Das mit der Aufmerksamkeitsökonomie ist in Zeiten entfesselten Schwachsinns und einer dauererregten Empörungsgesellschaft ja immer so eine Sache: Gibt man dem Affen Zucker, dreht er erst richtig auf. Gibt man ihm keinen Zucker, gibt es da draußen trotzdem tausende Vollidioten, die den Schwachsinn des Affen in den Untiefen des Internets finden und ihn für keinen Schwachsinn halten – auch ohne, dass irgendein reichweitenstarkes Medium darüber berichtet hat. Eine Bauernregel im Marketing besagt ja seit jeher: Bad news sind good news.
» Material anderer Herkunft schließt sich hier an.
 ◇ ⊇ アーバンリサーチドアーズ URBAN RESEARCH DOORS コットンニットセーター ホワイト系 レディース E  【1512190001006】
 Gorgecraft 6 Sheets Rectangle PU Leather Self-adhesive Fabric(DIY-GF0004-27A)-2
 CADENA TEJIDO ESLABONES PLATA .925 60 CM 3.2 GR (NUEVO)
Selbst wenn negativ über irgendetwas geschrieben wird, verbreitet sich der Name des Produkts trotzdem. Fun Fact: Diese Marketingstrategie kennen die unterzuckerten Affen, um die's in dieser Kolumne gehen soll, zwar auch – ihr Schwachsinn ist aber derartig offensichtlich, dass keine Raffinerie dieses Landes soviel Zucker produzieren könnte, um ihren Zirkus zu einem nennenswerten Ereignis hochzujazzen. Klar, ich könnt's auch einfach lassen, denn no news sind immer noch die besten news für bad guys – aber dieser Affenzirkus ist einfach zu geil, um an ihm nicht exemplarisch aufzuzeigen, wie sehr die Realität die Satire mittlerweile überholt hat. Die Rede ist von "Liberty Rising"!
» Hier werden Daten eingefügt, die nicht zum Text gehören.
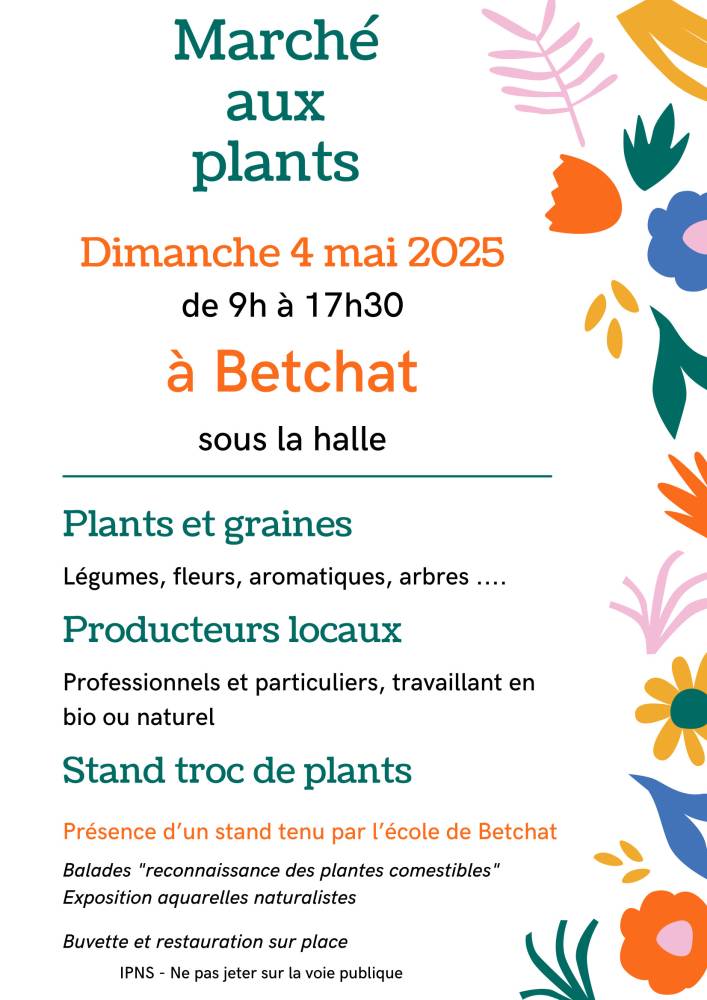 Marché aux plants de Betchat - Betchat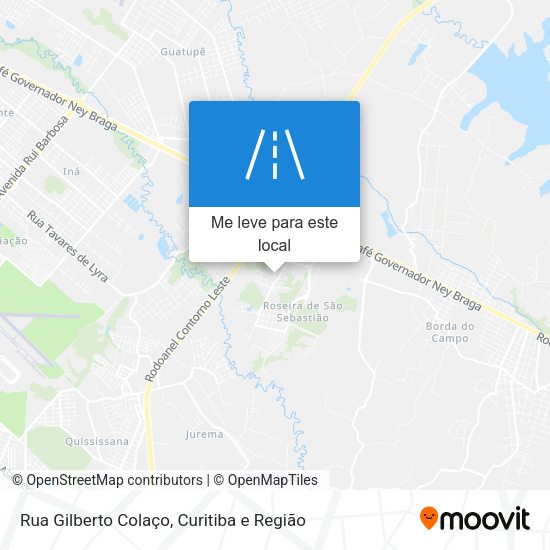 Rua Gilberto Colaço mapa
Noch nie gehört? Ja, sorry, jetzt schon. Liberty Rising, man! Junge Menschen, die "für Freiheit & Kapitalismus" auf die Straße gehen. Weil wir noch nicht genügend davon haben! Haha, kein Witz! Als ich vor ungefähr 'nem halben Jahr zum ersten Mal ein paar Bilder ihrer heroischen Aktivitäten in den Sozialen Medien entdeckt habe, dachte ich ernsthaft, dass das 'ne Satire-Aktion vom "Zentrum für Politische Schönheit", "Die Partei" oder der "Titanic" sei: fünf bis zehn (mehr sind es tatsächlich nie) Mittelstandskids, die – exakt wie die rechte Identitäre Bewegung – die Ästhetik der Antifa geklaut haben mit dem Unterschied, dass man ihren Transpis und Bannern die teuren Plotter ihrer Väter ansieht. Drauf steht dann sowas wie "Berufsverkehr statt Klimakleber", "Industrie & Kapitalismus statt Ökodiktat" oder "Leistung statt Hängertum – Sozialstaat abschaffen". Die "größte radikal-liberale Jugend im deutschsprachigen Raum" will Libery Rising sein und tritt trotz ihrer nur rund 100 Mitglieder in Deutschland, Österreich und der Schweiz auf wie FDP ihr vollgekokster Enkel: "Junge Menschen wohnen in lichtdurchfluteten Wohnungen und beginnen ihren Tag mit High-Intensity-Training und hohen Gewichten. Danach checken sie ihre Krypto- und Aktienportfolios und freuen sich über die niedrigen Steuerraten von fünf Prozent, welche ihnen baldigen Wohlstand ermöglichen. Die Regierung befindet sich in den letzten Vorbereitungen, den Staat ganz durch freiwillige Abgaben zu finanzieren", heißt es in einer der zahlreichen "Visionen" auf der Website von Liberty Rising. Daneben ein Foto von einem kaum 20-jährigen Jüngling in offener Trainingsjacke über seinem nackten, zart behaarten Oberkörper.
Hahaha, shit!
Auch geil, die "Vision" eines anderen radikal-liberalen Turbokapitalistenkids: "[...] jedes Kind, selbst aus dem ärmsten Plattenbauviertel, kann von seinem Fenster aus die neuen Wolkenkratzer der lebhaften Metropolen leuchten sehen. Auch ihm gegenüber lautet ihr Versprechen: Die Großartigkeit und Größe ist auch in Deinem Leben möglich. Möglich durch Fleiß, Verstand und Beharrlichkeit." Hahaha, shit. Es ist wirklich unfassbar, wie hart diese Welt diesen Kids ins Gehirn geschissen hat. Wie sie die vor allem im US-amerikanischen Kontext bekannte Ideologie des "Anarchokapitalismus" wahrscheinlich mal irgendwo beim Googeln von "Bitcoin" und "Kryptowährung" im Internet entdeckt und sich dann im Kinderzimmer so gedacht haben: "Yo, geil, einfach auf Schwächere scheißen, das isses!"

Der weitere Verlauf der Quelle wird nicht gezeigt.